* AIM OF THE TASK
Once you reach the line with "Meral Akşener: Millet", copy it and every line after it exactly, up to the end of the data. Omit the pictures.

Items from a data source:

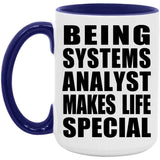 Being Systems Analyst Makes Life Special - 15oz Accent Mug Purple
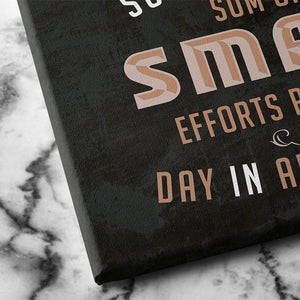 success is the sum of all small efforts repeated day in and day out canvas art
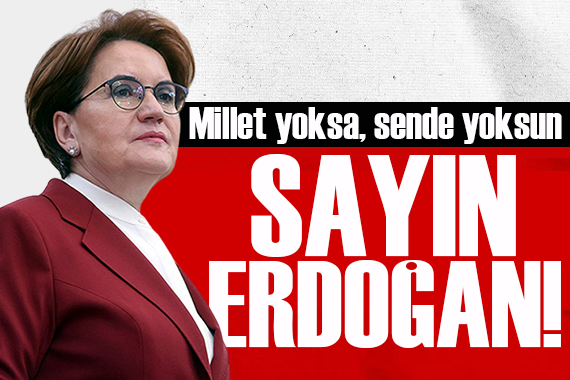 Meral Akşener: Millet yoksa, sen de yoksun Sayın Erdoğan!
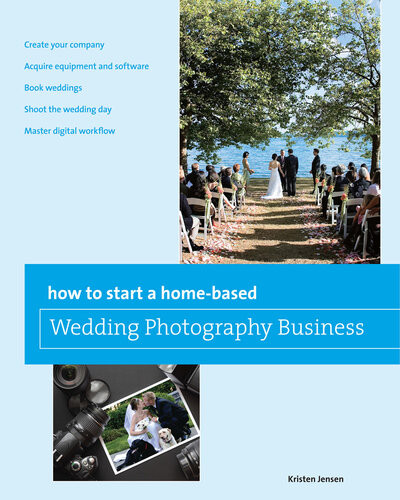 How To Start A Homebased Wedding Photography Business Kristen Jensen
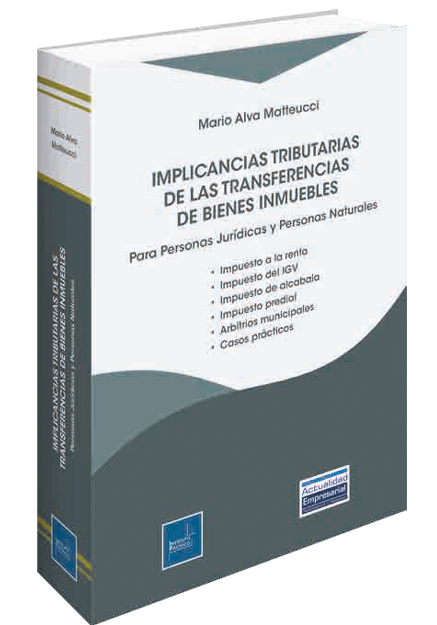 Portada de IMPLICANCIAS TRIBUTARIAS DE LAS TRANSFERENCIAS DE BIENES INMUEBLES PARA PERSONAS JURIDICAS Y PERSONAS NATURALES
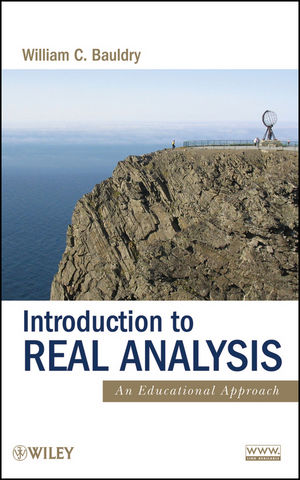 Introduction to Real Analysis: An Educational Approach (0470371366) cover image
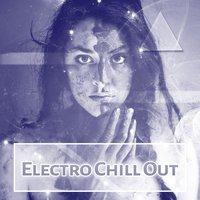Electro Chill Out – Electro Beats of Chillout Music, Ambient Electronic, Chillout Trance Music, Ibiza Chillout, Lounge Ambient, New York Chillout, Pure Relaxation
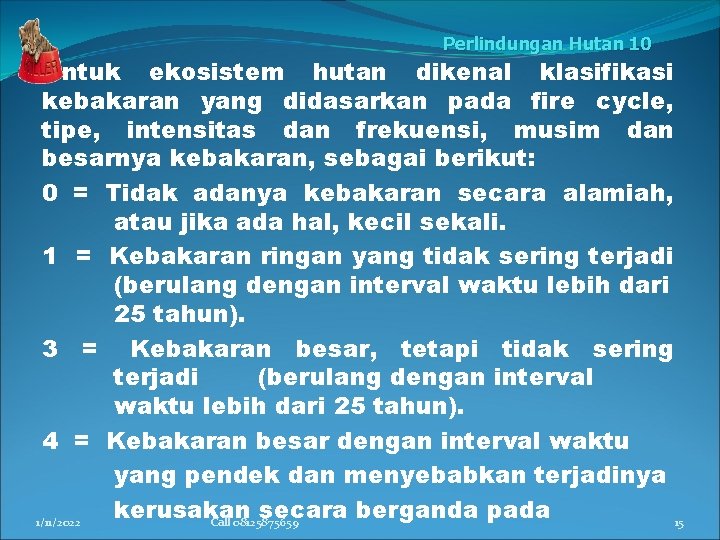 Perlindungan Hutan 10 Untuk ekosistem hutan dikenal klasifikasi kebakaran yang didasarkan pada fire cycle,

* EXERCISE OUTPUT
 Meral Akşener: Millet yoksa, sen de yoksun Sayın Erdoğan!
 How To Start A Homebased Wedding Photography Business Kristen Jensen
 Portada de IMPLICANCIAS TRIBUTARIAS DE LAS TRANSFERENCIAS DE BIENES INMUEBLES PARA PERSONAS JURIDICAS Y PERSONAS NATURALES
 Introduction to Real Analysis: An Educational Approach (0470371366) cover image
Electro Chill Out – Electro Beats of Chillout Music, Ambient Electronic, Chillout Trance Music, Ibiza Chillout, Lounge Ambient, New York Chillout, Pure Relaxation
 Perlindungan Hutan 10 Untuk ekosistem hutan dikenal klasifikasi kebakaran yang didasarkan pada fire cycle,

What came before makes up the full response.